**Task to complete**
With the pictures left out, please write out exactly each line from the one containing "破谣言,破迷信,增强CT的5大问题不得不知! 破谣言,破" through the end of the material.
-- Recorded information follows --
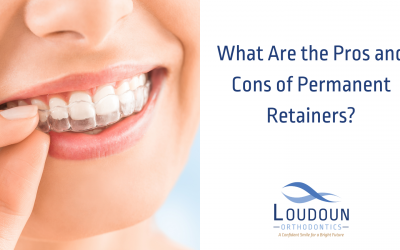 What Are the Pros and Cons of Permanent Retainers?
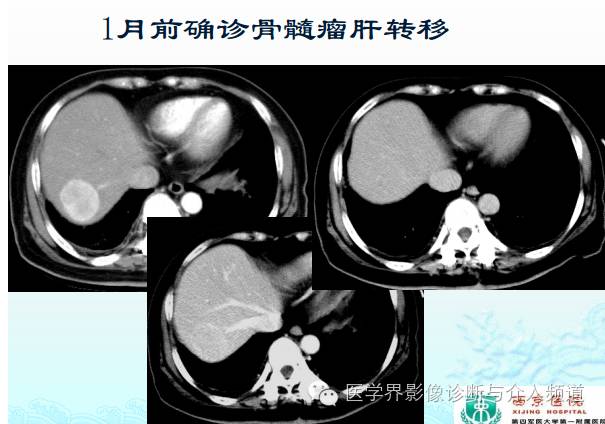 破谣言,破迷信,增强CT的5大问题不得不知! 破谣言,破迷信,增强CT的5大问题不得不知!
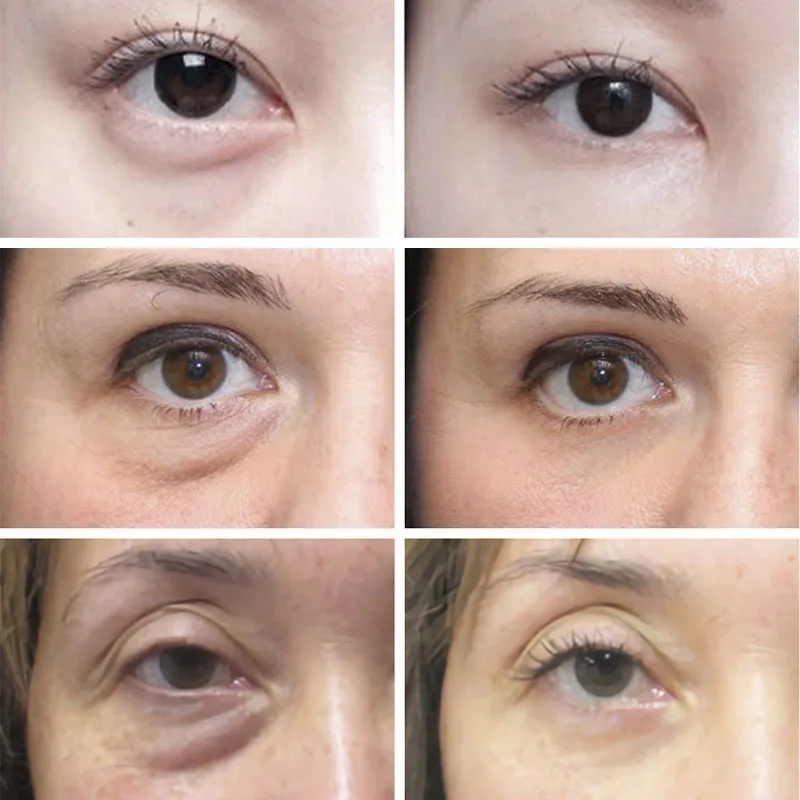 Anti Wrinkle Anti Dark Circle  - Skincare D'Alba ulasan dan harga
-- Recorded information concluded --
**Response box**
 破谣言,破迷信,增强CT的5大问题不得不知! 破谣言,破迷信,增强CT的5大问题不得不知!
 Anti Wrinkle Anti Dark Circle  - Skincare D'Alba ulasan dan harga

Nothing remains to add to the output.